- Date: 6 April 2002
- Site: Arena of Stars, Genting Highlands, Malaysia
- Hosted by: Lara Dutta

Highlights
- Best Picture: Lagaan
- Best Direction: Ashutosh Gowariker (Lagaan)
- Best Actor: Aamir Khan (Lagaan)
- Best Actress: Tabu (Chandni Bar)
- Most awards: Lagaan (10)
- Most nominations: Kabhi Khushi Kabhie Gham (18)

= 3rd IIFA Awards =

Indian film award ceremony in 2002

The 2002 IIFA Awards, officially known as the 3rd International Indian Film Academy Awards ceremony, presented by the International Indian Film Academy honored the best films of 2001 and took place on 6 April 2002.

The official ceremony took place on 6 April 2002, at the Genting Highlands, in Arena of Stars. During the ceremony, IIFA Awards were awarded in 29 competitive categories.

The IIFA Weekend started with a Press Meet. Attended by the stars, the event received extensive coverage from world media. The same evening saw the music launch of Kaante. The IIFA Karaoke Party gave film stars and high-profile guests a chance to let their hair down.
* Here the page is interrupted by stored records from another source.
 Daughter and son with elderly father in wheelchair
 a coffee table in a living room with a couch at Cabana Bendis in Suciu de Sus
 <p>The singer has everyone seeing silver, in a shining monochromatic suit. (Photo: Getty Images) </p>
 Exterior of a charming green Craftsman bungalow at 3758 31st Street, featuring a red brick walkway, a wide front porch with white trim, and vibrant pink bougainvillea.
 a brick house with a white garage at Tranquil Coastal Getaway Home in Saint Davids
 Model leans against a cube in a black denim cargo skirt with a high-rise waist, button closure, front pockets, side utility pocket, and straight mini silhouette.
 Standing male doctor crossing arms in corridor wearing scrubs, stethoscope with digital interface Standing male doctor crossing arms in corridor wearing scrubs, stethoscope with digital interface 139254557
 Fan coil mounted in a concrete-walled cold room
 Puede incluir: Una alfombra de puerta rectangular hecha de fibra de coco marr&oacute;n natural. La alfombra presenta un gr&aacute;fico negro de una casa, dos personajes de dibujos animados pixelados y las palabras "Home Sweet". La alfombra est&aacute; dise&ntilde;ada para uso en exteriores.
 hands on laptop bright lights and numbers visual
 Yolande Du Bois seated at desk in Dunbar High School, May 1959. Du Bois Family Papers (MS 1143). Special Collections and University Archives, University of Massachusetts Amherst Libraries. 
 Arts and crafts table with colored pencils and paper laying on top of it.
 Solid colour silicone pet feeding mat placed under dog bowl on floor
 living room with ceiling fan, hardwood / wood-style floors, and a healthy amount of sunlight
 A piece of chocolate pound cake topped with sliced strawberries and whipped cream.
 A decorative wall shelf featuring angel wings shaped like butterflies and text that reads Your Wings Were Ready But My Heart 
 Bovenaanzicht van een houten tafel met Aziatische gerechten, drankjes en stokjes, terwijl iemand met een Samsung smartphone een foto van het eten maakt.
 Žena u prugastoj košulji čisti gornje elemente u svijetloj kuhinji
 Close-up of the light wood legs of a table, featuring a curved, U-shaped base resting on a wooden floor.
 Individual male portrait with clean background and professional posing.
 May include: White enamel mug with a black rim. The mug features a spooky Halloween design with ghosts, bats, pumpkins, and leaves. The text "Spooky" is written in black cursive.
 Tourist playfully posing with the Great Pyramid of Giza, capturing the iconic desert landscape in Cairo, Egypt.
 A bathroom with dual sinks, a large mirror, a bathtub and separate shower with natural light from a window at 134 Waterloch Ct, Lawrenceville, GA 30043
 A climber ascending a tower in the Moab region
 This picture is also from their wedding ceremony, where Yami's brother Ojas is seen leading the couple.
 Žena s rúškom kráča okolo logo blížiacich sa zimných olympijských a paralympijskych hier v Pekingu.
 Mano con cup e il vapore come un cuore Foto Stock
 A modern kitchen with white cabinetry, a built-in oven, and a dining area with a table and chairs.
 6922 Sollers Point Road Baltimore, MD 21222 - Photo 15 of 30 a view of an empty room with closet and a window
IIFA hosted the World Premiere of the film Aankhen at the Genting International Showroom. Malaysia witnessed the first ever IIFA Forum. The focus was on the emerging perspectives of Indian Cinema, the exchange of technology and talent. The speakers included Ashutosh Gowarikar, Karan Johar, Farhan Akhtar and Madhur Bhandarkar.

Kabhi Khushi Kabhie Gham led the ceremony with 18 nominations, followed by Lagaan with 12 nominations, Dil Chahta Hai with 11 nominations, and Gadar: Ek Prem Katha with 10 nominations.

Lagaan won 10 awards, including Best Film, Best Director (for Ashutosh Gowariker), and Best Actor (for Aamir Khan), thus becoming the most-awarded film at the ceremony.

Aamir Khan received dual nominations for Best Actor for his performances in Dil Chahta Hai and Lagaan, winning for the latter.

==Winners and nominees==
Winners are listed first and highlighted in boldface.

===Popular awards===

Lagaan (Best Movie)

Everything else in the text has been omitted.